There is nothing quite
like commenting on sweetening agents to generate a response, often quite emotional. A couple of
comments that are suitable for publication are reproduced in the letters
section below. If I say something positive about a sweetener, especially
aspartame, then someone will want to disagree. Let’s be honest, there are far
more negative than positive comments about “artificial sweeteners” on the
internet.
One enduring concern is
that sweeteners cause cancer. This has been refuted by the Cancer Council and the famous Mayo Clinic and others, but maybe they are all working in collusion.
500 year old advice still relevant
Last month I attended
the International Union of Nutrition Science conference in Spain. There I met Sir
Andrew Renwick, Professor of Medicine at the University of Southampton, UK who
has spent all his professional life in toxicology. He said that in “the last
46 years in studying sweeteners I have not seen any scientifically reproducible
evidence that any sweeteners cause any harm to humans in the amounts normally
consumed.”
He referred to the
famous quote by Paracelsus (1493-1541) that “all things are poison
… only the dose which makes something a poison”. There are variations on the
translation, but simply put, it is the dose that determines whether something
is good, neutral or bad for you.
Aspartame
He singled out aspartame,
now approved in over 90 countries, stating that it has a larger safety database
that any other food additive. Aspartame is a methylated dipeptide, comprising
two amino acids phenylalanine and aspartic acid. You will remember from biology
that amino acids make up proteins.
Some methanol is
produced when aspartame is consumed, and you will hear people tell you scary
stories about methanol, only because they don’t understand what Paracelsus said
500 years ago. Yes, methanol is produced but only in very small, non-harmful,
amounts. There is more methanol in the same volumes of orange juice, apple
juice and tomato juice than in a soft drink sweetened with aspartame. In fact
there is six times more methanol in tomato juice than a diet drink, but you
don’t hear scary stories about tomato juice, and neither should you because it
is all about dose.
“Nobody listens, no
matter how many authoritative scientific reviews take place. Low-calorie sweeteners are among the most extensively studied of all
food additives. Media stories about “health concerns” usually focus on a single
recent observation and ignore the totality of the database available,” said
Renwick.
Of course, because he
says this, his words are quoted by agencies and companies that have a vested
interest in sweeteners, so then people think that he has become a mouthpiece
for sweeteners and can’t be trusted. That’s the way conspiracy theories work.

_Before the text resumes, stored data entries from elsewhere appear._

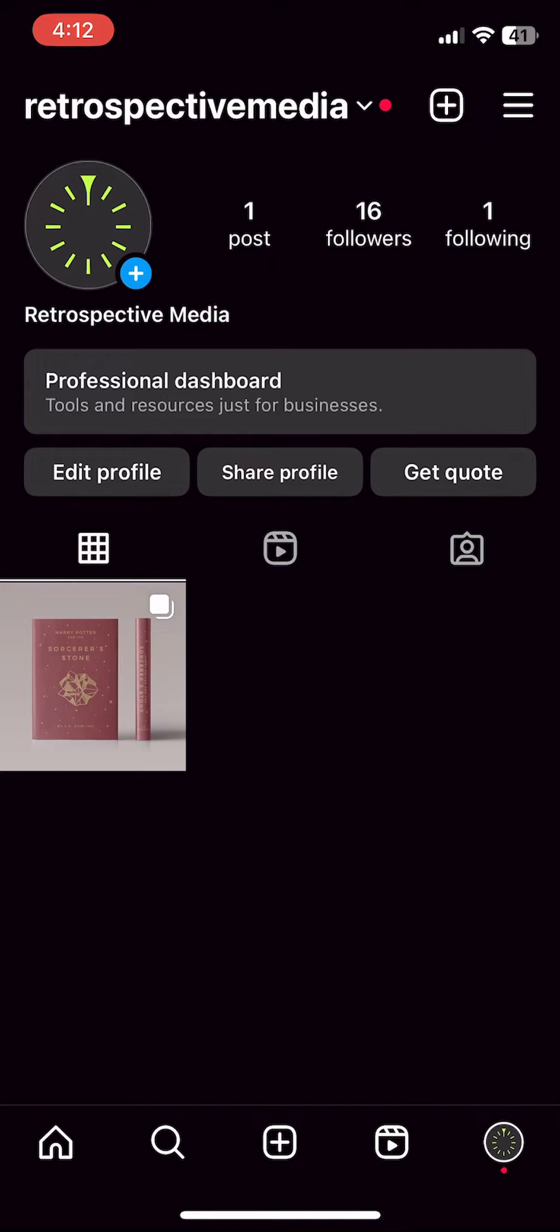In this video, I'm going to show you how to schedule a post on Instagram without using any third-party apps.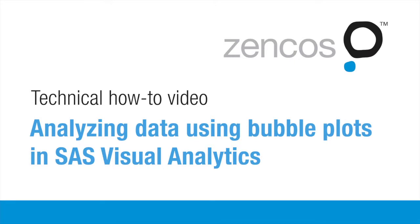Hey, it's Steve Overton with Zencoast Consulting. Today I'm going to show you how to build a bubble plot using SAS Visual Analytics.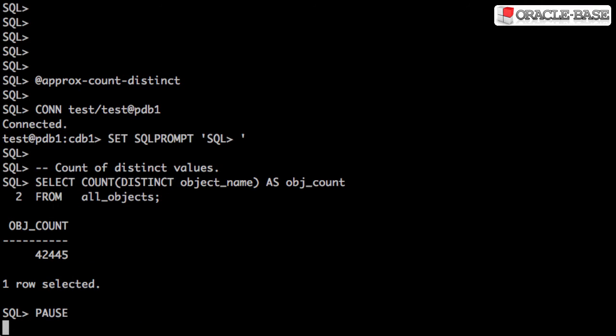In previous database versions, if we wanted to perform a count of distinct values, we might do something like this.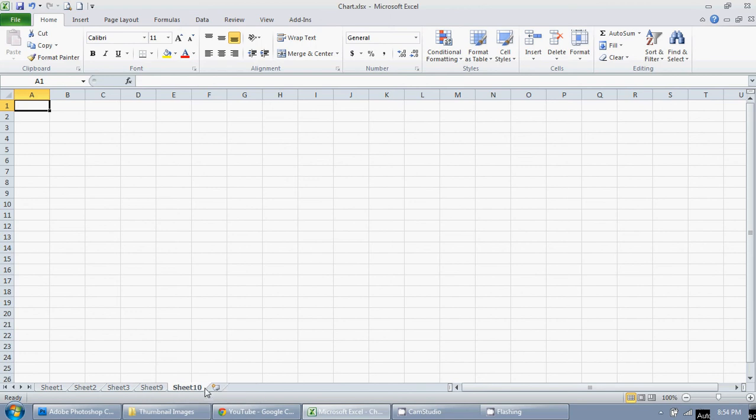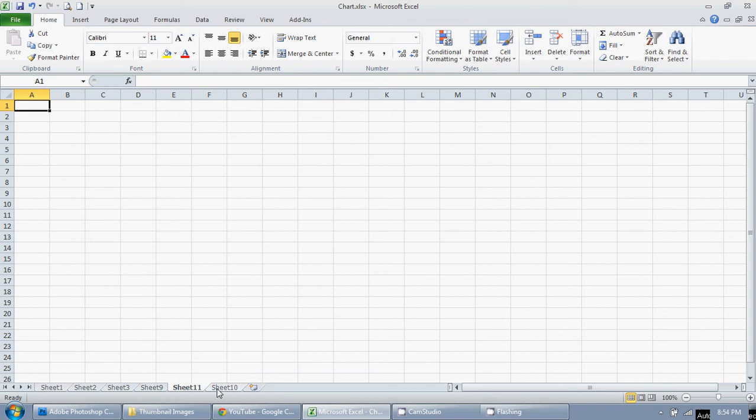If you want another, just click on it again, or you can press shift and F11 as you see there. So shift F11, you can just add a bunch of sheets.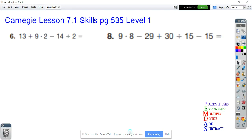Hello everybody, this is Mr. Shafta. I'm going over some review of order of operations. The worksheet that we did was Carnegie Lesson 7.1 on page 535 through 538. I'm going to go ahead and start and do two questions from each level. There were four different sections: level one, level two, level three, level four. I'm going to do two questions from each level, which was what was due. Level four, you had to do four questions.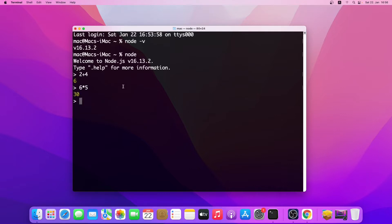Yeah, so this is how you install Node.js on a Mac. Thanks for watching. See you in the next video. Bye.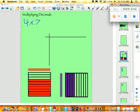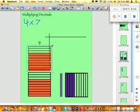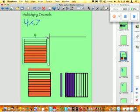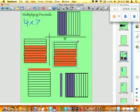What you do is you make 7 tenths and 4 tenths, like so. After you have done that, you multiply them together, like this. Like that.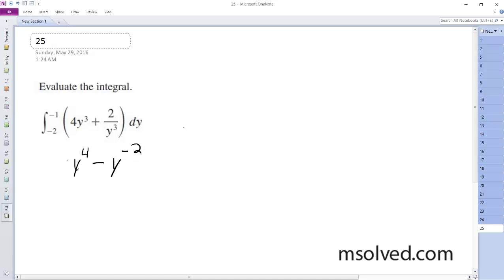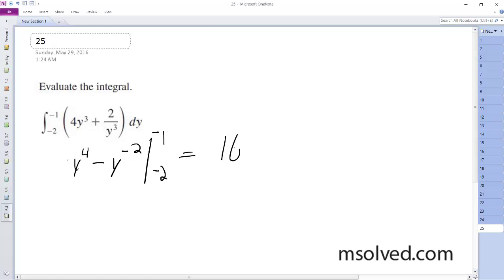So what we end up with here, from negative two to one, is going to be equal to negative one. So plugging in y equals two, y to the fourth gives sixteen minus one-fourth.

One final comment he made was that the Wikipedia entry on the aspartame controversy was “surprising unbiased.”
Natvia
I was asked about Natvia, which is a mix of Stevia and
erythritol. Stevia has been discussed in an earlier blog. It is quite safe.
Erythritol is not often found in foods, although it
comes from a common family of sugar-alcohols, a bit like mannitol and sorbitol often
used for its sweetness, mainly back in the 1980s in confectionery such as gum
and mints. Some of you will remember Blizzard mints with sorbitol. I always
remember them because, when lecturing at a university I mentioned Blizzard
mints as an example of a product with sugar-alcohols. After a few minutes one
quizzical student put up her hand and asked: “Where do you buy “lizard mince”?”
A reminder to me to enunciate better. Yes, it was funny, and no, I don’t think
lizard mince is legal either.
Anyway, erythritol is a sweetener with about
two-thirds the sweetness of sugar. It has passed all the safety and toxicology
tests thrown at it, even at high doses. It is absorbed from the gut and
excreted through the kidneys unchanged. Its sweetness works well in combination
with stevia.
What does it all mean?
If you eat sensibly,
then there is a very good chance that you will eat somewhere between none and
very little intense added sweetener, in which case it shouldn’t alarm you. If
you are consuming two litres of diet soft drink, a litre of diet cordial, 1 kg
of diet yogurt and 10 cups of tea with two tablets of sweetener per cup then
I’m willing bet that your overall diet is pretty crap anyway. My blunt and
unattractive view is that people focus way too much on minor issues of no
consequence, distracting them from doing something useful like giving to
charity, walking the dog and reducing the amount of the most dangerous food
additive known to man. It’s called salt, but who cares?
And yes, I do enjoy a
diet soft drink after a long bike ride (60+ km for me), so don’t think that I
can be trusted to give you a balanced argument on sweeteners!